Des centaines d'enseignants et d'étudiants ont occupé jeudi plusieurs mairies de l'État de Guerrero, dans le sud du Mexique, pour exiger des autorités qu'elles retrouvent les 43 élèves enseignants disparus depuis près de trois semaines.

Plusieurs mairies ont été évacuées préventivement, notamment celle d'Iguala, la ville où ces 43 jeunes entre 17 et 21 ans ont disparu le 26 septembre après une fusillade provoquée par des policiers et des hommes armés, présumés narcotrafiquants, et qui avait fait 6 morts et 25 blessés.

Les étudiants et les enseignants mobilisés, appuyés par des organisations syndicales et sociales de la région, prévoient des blocages de routes et l'occupation de péages sur l'autoroute menant vers la ville touristique d'Acapulco, où est prévue une grande manifestation vendredi.

Outre la mairie de Chilpancingo, capitale de l'État du Guerrero, les manifestants ont occupé les mairies de Tlapa de Comonfort, d'Atoyac de Alvarez et de Huamuxtitlan sans que soient rapportées de violences, a indiqué à l'AFP un responsable du centre de commandement de la police régionale.

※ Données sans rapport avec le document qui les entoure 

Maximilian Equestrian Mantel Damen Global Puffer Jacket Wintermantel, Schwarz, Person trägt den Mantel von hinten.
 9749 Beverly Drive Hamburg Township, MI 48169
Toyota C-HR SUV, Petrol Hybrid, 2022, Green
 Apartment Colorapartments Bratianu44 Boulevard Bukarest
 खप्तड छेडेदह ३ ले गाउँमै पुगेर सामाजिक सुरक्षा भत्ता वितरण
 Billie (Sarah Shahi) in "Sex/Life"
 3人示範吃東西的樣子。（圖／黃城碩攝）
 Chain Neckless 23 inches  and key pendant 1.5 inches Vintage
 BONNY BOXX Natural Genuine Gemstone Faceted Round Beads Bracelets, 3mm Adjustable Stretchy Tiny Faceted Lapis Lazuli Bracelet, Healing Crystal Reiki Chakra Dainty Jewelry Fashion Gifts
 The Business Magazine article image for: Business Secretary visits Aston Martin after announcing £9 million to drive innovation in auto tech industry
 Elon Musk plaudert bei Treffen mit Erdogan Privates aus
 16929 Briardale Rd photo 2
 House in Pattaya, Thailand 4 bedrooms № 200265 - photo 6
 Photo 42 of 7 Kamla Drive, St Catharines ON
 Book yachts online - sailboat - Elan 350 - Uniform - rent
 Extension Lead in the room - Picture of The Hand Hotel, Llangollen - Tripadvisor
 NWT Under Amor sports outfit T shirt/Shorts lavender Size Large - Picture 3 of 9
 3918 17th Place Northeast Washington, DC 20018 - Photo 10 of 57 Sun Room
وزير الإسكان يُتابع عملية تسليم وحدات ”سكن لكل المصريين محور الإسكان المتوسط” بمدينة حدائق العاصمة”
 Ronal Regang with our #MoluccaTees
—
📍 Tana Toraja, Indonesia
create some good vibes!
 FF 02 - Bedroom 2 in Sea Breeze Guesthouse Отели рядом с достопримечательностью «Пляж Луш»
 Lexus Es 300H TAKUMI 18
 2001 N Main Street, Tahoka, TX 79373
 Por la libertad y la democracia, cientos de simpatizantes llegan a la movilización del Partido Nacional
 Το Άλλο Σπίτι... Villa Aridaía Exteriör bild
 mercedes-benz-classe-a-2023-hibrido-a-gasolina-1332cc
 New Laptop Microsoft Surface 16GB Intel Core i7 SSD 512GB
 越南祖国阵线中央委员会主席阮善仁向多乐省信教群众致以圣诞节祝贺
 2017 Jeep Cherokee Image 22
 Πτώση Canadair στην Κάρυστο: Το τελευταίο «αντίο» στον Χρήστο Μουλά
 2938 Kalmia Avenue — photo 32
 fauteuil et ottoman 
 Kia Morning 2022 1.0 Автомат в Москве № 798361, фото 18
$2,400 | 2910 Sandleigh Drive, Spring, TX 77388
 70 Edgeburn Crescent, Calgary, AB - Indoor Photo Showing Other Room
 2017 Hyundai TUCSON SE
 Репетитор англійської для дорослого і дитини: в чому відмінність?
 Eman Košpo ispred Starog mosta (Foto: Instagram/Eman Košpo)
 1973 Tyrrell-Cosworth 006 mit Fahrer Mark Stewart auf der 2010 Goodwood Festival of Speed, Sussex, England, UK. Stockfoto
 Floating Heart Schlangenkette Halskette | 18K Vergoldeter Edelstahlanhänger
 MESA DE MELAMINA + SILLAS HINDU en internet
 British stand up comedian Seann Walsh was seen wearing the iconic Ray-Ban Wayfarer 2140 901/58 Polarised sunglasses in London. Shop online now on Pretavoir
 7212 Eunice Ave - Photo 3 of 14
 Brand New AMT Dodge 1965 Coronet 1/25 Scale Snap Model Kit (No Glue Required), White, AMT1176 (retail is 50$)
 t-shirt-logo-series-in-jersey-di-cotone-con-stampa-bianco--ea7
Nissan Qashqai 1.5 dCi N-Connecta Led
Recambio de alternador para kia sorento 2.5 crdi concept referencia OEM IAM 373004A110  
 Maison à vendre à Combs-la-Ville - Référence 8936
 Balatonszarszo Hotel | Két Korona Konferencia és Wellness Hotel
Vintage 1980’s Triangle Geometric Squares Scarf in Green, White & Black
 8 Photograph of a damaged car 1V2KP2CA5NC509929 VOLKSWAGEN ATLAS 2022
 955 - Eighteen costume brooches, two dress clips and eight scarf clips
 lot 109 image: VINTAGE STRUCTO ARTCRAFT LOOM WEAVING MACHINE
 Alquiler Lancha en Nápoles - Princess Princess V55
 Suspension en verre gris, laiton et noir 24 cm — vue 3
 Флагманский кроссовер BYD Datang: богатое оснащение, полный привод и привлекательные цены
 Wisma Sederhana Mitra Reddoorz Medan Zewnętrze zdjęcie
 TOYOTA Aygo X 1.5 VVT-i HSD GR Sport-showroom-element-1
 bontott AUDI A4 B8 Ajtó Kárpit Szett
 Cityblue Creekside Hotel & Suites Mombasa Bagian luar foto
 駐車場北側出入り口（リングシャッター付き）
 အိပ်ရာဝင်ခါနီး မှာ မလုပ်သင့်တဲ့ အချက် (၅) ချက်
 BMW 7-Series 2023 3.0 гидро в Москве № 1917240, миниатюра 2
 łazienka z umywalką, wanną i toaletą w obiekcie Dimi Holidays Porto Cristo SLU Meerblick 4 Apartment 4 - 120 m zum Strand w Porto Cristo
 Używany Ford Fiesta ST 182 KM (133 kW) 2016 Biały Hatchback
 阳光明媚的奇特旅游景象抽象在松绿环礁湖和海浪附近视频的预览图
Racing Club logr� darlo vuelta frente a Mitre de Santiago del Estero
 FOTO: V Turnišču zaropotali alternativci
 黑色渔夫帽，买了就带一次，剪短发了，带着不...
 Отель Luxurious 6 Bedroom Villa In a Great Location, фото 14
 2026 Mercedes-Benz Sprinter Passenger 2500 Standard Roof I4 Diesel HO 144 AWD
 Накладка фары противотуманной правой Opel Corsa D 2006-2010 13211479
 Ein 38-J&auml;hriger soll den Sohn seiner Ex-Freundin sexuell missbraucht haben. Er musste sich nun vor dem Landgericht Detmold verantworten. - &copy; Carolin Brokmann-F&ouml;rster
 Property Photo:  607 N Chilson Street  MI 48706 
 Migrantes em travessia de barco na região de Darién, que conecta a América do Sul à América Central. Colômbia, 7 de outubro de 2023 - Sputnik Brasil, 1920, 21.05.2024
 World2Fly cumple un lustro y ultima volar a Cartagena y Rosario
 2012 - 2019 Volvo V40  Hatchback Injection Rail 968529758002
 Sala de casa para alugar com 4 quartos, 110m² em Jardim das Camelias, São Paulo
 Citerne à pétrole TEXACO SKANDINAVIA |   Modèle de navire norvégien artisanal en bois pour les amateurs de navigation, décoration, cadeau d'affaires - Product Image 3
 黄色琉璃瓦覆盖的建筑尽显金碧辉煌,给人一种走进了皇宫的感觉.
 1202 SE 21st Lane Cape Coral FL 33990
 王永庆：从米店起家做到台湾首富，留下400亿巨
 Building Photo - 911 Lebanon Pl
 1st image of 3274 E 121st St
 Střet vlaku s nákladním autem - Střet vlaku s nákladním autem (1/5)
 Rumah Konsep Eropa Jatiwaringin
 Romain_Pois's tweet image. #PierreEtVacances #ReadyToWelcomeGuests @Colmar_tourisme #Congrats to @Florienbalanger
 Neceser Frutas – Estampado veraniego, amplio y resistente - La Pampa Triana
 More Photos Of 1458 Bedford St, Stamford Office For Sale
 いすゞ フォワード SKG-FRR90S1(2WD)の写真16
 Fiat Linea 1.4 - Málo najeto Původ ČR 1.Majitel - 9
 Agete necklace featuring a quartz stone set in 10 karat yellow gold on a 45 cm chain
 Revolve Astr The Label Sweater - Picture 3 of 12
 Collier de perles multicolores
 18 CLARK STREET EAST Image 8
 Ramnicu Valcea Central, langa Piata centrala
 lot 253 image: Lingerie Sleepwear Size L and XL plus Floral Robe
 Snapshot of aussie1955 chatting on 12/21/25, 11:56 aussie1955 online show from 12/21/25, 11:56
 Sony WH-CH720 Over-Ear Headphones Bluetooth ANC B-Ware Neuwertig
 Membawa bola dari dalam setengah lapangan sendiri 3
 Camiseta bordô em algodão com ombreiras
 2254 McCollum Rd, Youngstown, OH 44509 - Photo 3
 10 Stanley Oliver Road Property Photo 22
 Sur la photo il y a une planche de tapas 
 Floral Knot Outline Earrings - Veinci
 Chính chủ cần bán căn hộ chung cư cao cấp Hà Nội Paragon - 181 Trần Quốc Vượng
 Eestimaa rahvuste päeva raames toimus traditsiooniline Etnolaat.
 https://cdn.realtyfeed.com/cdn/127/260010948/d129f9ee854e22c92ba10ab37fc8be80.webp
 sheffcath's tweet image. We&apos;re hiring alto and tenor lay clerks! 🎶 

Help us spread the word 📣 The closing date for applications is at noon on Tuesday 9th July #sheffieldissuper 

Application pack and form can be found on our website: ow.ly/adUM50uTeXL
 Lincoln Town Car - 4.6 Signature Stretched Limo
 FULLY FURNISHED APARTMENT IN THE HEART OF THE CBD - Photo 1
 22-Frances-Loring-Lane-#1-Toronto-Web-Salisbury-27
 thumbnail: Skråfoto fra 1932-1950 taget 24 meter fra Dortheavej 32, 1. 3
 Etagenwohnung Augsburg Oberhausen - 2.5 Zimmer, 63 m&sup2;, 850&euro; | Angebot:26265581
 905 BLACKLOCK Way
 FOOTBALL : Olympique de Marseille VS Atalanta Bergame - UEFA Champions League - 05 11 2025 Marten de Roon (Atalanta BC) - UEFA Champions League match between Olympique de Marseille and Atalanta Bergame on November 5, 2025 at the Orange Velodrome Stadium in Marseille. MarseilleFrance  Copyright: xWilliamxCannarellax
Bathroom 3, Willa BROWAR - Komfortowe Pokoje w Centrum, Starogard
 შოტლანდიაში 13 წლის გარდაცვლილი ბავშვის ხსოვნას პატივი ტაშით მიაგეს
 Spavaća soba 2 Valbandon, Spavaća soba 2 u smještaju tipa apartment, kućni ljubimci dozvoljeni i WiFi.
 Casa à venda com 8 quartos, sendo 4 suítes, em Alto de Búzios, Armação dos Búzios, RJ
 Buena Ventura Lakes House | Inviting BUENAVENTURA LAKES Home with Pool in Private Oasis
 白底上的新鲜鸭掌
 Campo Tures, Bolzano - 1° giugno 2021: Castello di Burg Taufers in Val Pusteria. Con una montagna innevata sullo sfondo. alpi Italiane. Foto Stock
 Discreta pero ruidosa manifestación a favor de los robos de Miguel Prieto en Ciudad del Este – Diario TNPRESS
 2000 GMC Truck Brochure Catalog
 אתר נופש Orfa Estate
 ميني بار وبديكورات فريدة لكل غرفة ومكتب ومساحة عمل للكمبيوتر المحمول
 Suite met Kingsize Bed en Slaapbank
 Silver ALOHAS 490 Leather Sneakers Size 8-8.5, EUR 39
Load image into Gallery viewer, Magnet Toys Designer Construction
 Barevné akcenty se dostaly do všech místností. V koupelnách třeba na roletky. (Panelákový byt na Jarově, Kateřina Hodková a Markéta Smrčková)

À Huamuxtitlan, à 490 km de Mexico, «environ 200 enseignants occupent la mairie et nous sommes respectueux de la manifestation», a expliqué le maire, Johnny Saucedo, par téléphone à l'AFP.

À la mairie d'Iguala, des dizaines d'agents se sont employés pendant la journée à déménager les photocopieuses et des archives confidentielles «par précaution» face à l'éventualité d'une occupation, a dit aux journalistes Oscar Antonio Chavez, chef du cabinet du maire.

Les occupations sont menées par la Coordination régionale des travailleurs de l'éducation de Guerrero (CETEG), une fraction radicale du syndicat national des enseignants.

«Nous n'avons pas la capacité d'occuper les 81 mairies de l'État en un seul jour, aussi notre plan est de le faire de manière progressive», a dit José Angel Baron, porte-parole de la CETEG.

Étudiants en grève

L'absence d'informations sur le sort des jeunes de l'école normale d'Ayotzinapa, ajoutée à la découverte aux alentours d'Iguala de fosses clandestines contenant des cadavres non identifiés, fait monter l'indignation et l'exaspération au Mexique.

Dans la capitale, des milliers d'étudiants de grandes universités ont répondu à un mot d'ordre de grève de 48 heures mercredi et jeudi, très suivi notamment à l'Université nationale autonome du Mexique (Unam), la plus importante du pays, et à l'Université autonome métropolitaine (UAM).

Selon les autorités, les 43 étudiants disparus ont été remis par des policiers municipaux à des membres du cartel des Guerreros Unidos, issu du groupe criminel des frères Beltran Leyva.

Le maire d'Iguala, José Luis Abarca, et son épouse, en cavale depuis le lendemain des événements du 26 septembre, sont toujours recherchés par la police.

La soeur du maire, Roselia Abarca, a accepté de parler à l'AFP. Elle a indiqué que, le 27 septembre, son frère a dit aux membres de la famille : «Je vous charge de ma maison et de mes enfants. Cela va se régler, faites-moi confiance.»

Elle assure ne pas savoir depuis lors où se trouve son frère aîné, qui ne répond plus aux appels de la famille.

Selon elle, les membres de la famille se réunissent tous les soirs à 20h00 et font des «prières pour que les étudiants réapparaissent» et que son frère soit blanchi.

Chute d'un opérateur financier

Les autorités judiciaires ont procédé à l'arrestation de près de 50 personnes, dont 40 policiers, mais admettent qu'elles ne tiennent pas encore les cerveaux du crime et ne peuvent pas en déterminer les motifs.

Toutefois, de plus en plus d'éléments témoignent de l'infiltration des Guerreros Unidos à Iguala.

Le ministère de la Justice a fait état de l'arrestation de Raul Nuñez Salgado, opérateur financier supposé des Guerreros Unidos. Il aurait remis chaque mois l'équivalent de 35 000 euros au sous-directeur de la sécurité publique de la ville d'Iguala. Ce fonctionnaire municipal est également recherché par la police.